**Study material**
—————
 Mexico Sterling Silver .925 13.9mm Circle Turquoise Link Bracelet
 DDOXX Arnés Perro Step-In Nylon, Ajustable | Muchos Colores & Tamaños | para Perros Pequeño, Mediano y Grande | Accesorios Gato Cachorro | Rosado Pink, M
—————
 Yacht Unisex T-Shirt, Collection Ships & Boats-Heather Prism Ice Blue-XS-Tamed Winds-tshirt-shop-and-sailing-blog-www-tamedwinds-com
—————
**Problem details**
Beginning at the line above with "Mexico Sterling Silver" and finishing at the line with "DDOXX Arnés Perro", return each line exactly and return nothing else.

**Exercise output**
 Mexico Sterling Silver .925 13.9mm Circle Turquoise Link Bracelet
 DDOXX Arnés Perro Step-In Nylon, Ajustable | Muchos Colores & Tamaños | para Perros Pequeño, Mediano y Grande | Accesorios Gato Cachorro | Rosado Pink, M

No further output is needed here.